Sylvia Wong Lewis, Narrative Network founder, is featured on BBC Radio program Soul Music, on an episode called “Strange Fruit.” Producer Maggie Ayre, looks for stories behind music with powerful emotional impact. Concerned that UK audiences may not know about lynching, Jim Crow laws and other harms that resulted from the Trans-Atlantic slave trade, Maggie decided to take another look at this protest song.
Maggie found me through my slavery group–Coming to the Table, and invited me to join her Soul Music program with Emmett Till’s cousin, Simeon Wright; Robert Meeropol, the adopted son of Jewish teacher Abel Meeropol, author of the poem/song; and April Shipp, a Detroit quilt maker who created the “Strange Fruit” quilt. Each of us was asked to engage about the song, “Strange Fruit.”
“First recorded in 1939 by Billie Holiday, the protest song Strange Fruit came to symbolize the brutality and racism of the practice of lynching in America’s South. Now, decades later, such is the song’s enduring power that rapper Kanye West sampled the track on his latest album “Yeezus.” – Maggie Ayre, Producer, Soul Music, Radio 4, BBC News, Entertainment & Arts.

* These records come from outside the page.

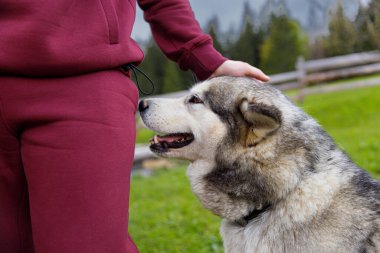 Bu görüntü, konforlu bordo giysili bir insan ile mutlu köpeği arasındaki sevgi dolu bir etkileşimi yakalar. Açık havada evcil hayvanlar ve sahipleri arasındaki bağı gözler önüne serer..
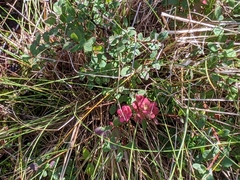 Exobasidium vaccinii-uliginosi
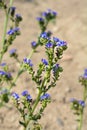 Cape bugloss Royalty Free Stock Photo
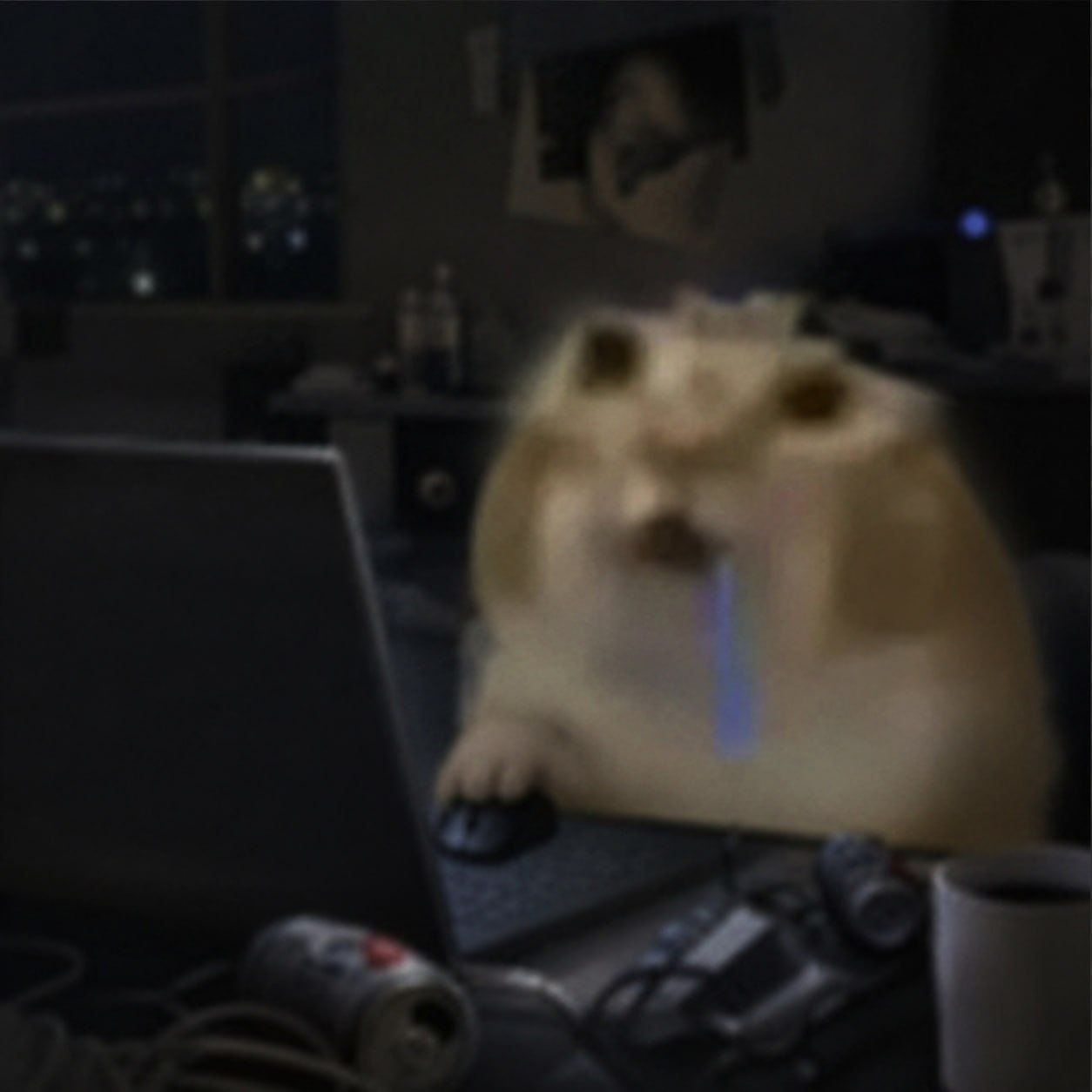 Sheo777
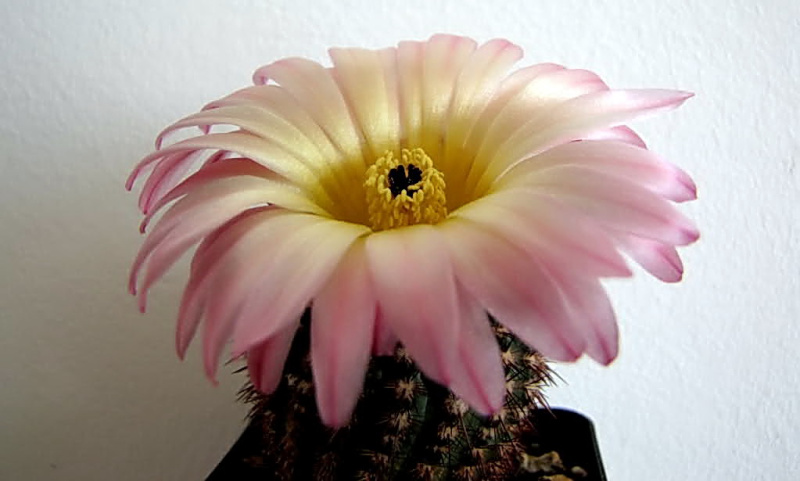 Файл:Parodia mueller-melchersii 5.jpg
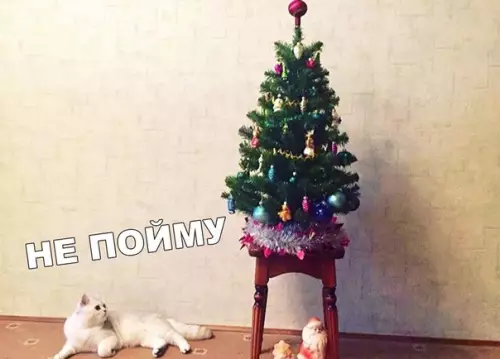 Смешная картинка №415687 В доме должна быть только одна звезда кот и елка, елка, коты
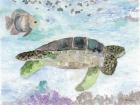 Swimming Sea Turtle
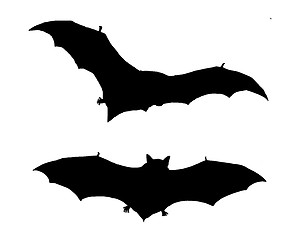 Image showing The black silhouette of two bats flying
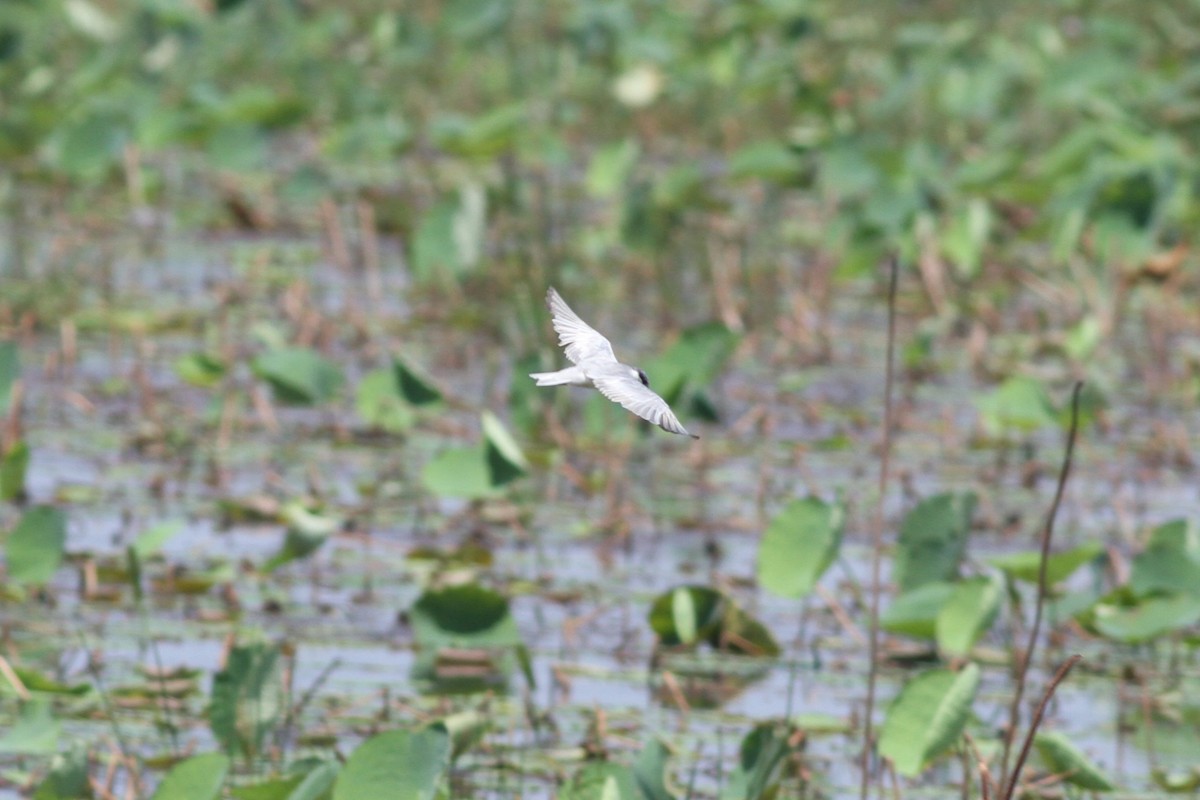 Whiskered Tern - ML632481037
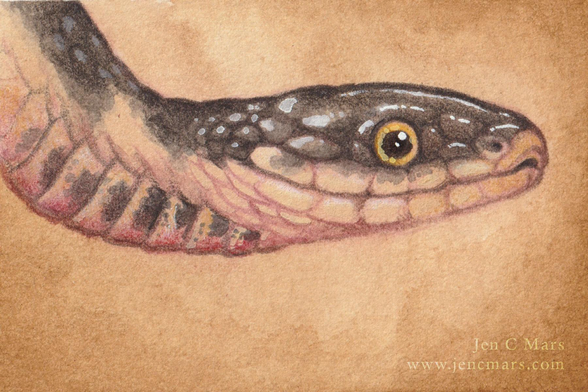 Watercolor and pencil portrait of a Kirtland's snake. It's a small cute snake with a dark grey-ish back and creamy belly tinted with red, and an adorable golden eye. These snakes are small, harmless and endangered as well as very cute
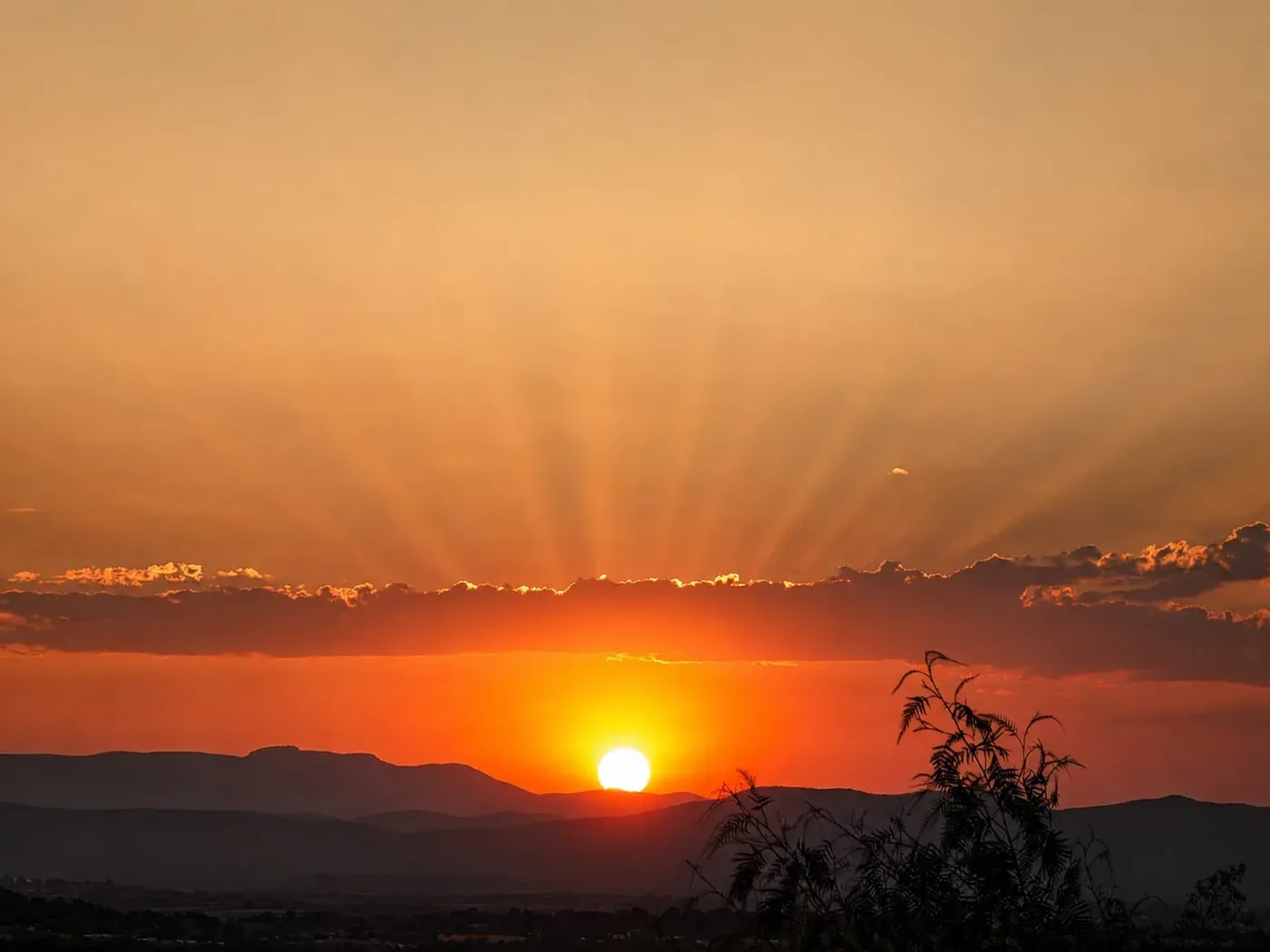 Rayos de sol al atardecer entre los pinos
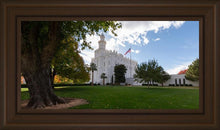 Load image into Gallery viewer, Saint George Fall Leaves
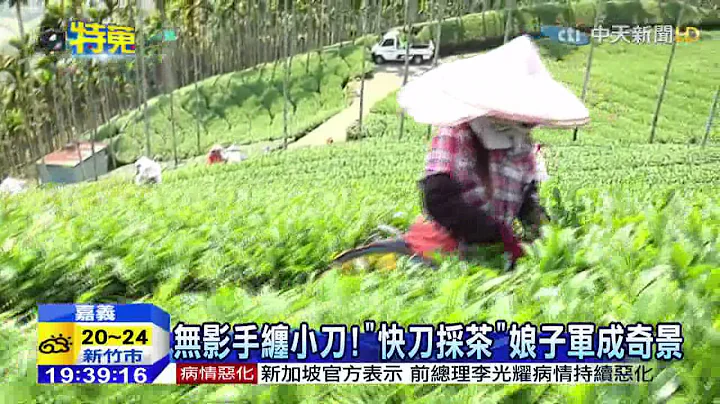 20150318中天新闻　无敌快刀手！　「采茶娘子军」日薪3千元 - 天天要闻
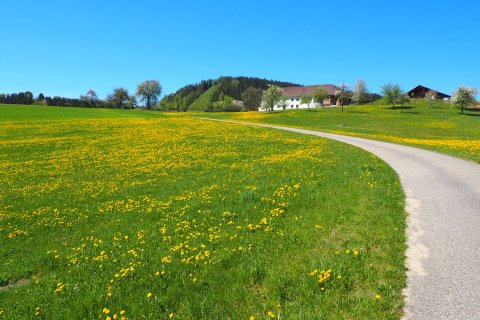 Oberösterreich Mühlviertel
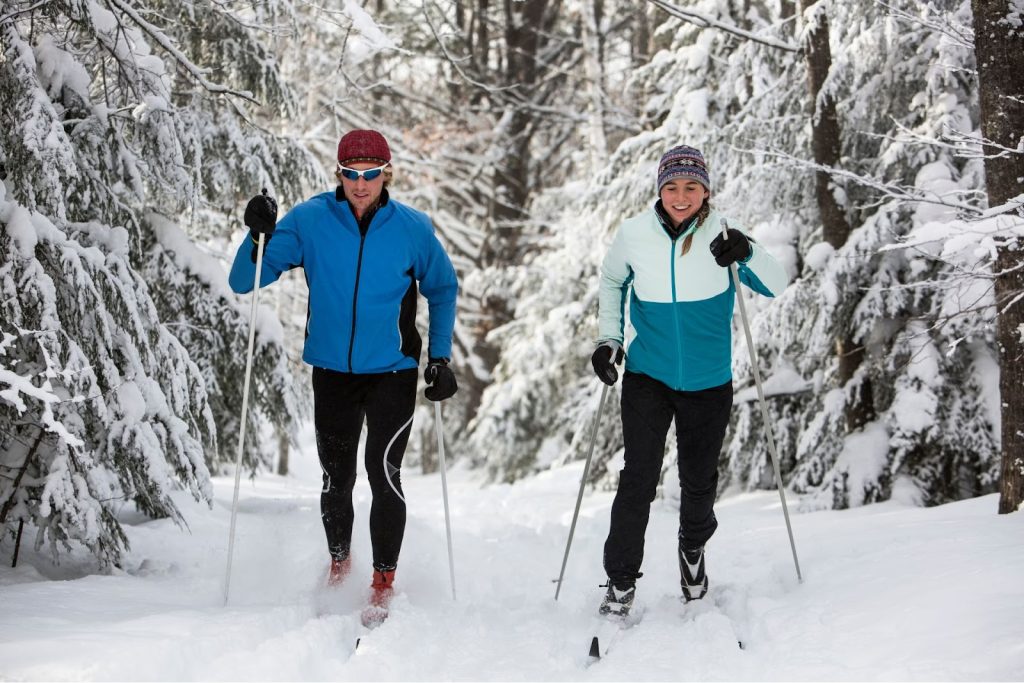 two people doing Nordic skiing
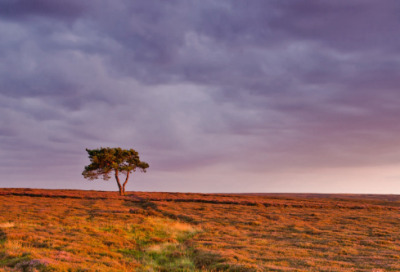 ​2023年给朋友发的元旦祝福语(精选160句)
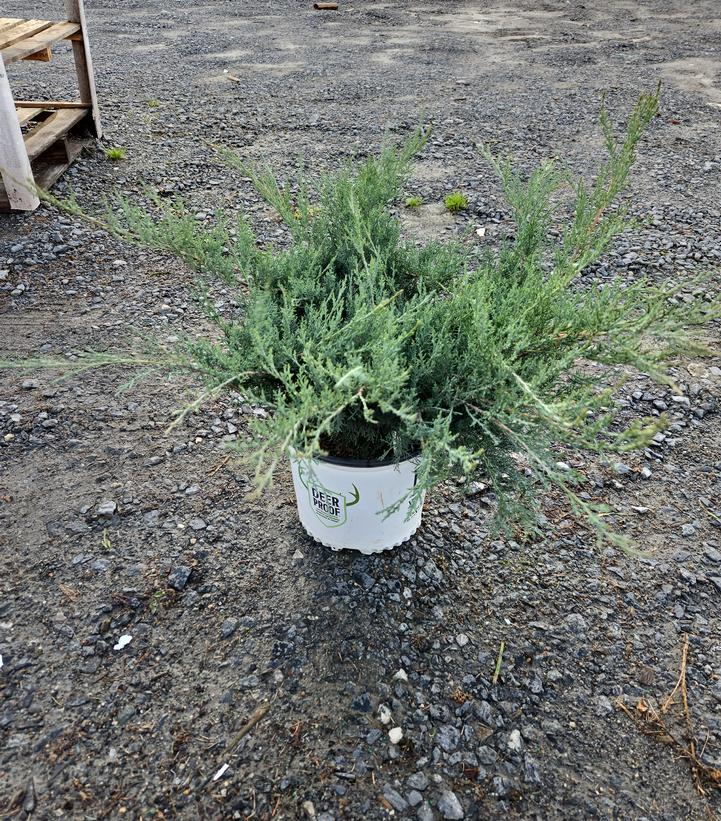Juniperus chinensis Montana Moss®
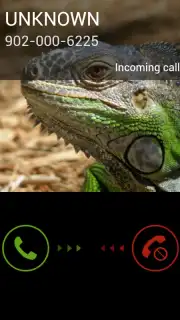 Fake Call 2 captura 5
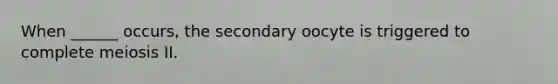 When ______ occurs, the secondary oocyte is triggered to complete meiosis II.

“The smell of the honeysuckle brings all of it back. That’s the smell prevalent in the area where we lived. The honeysuckle was in bloom. Because words can’t describe how we felt that night. How I felt. It was a combination of grief, shock, and fear. You have a sorrow that grips you because of what happened to Emmett.” – Simeon Wright, Emmett Till’s cousin.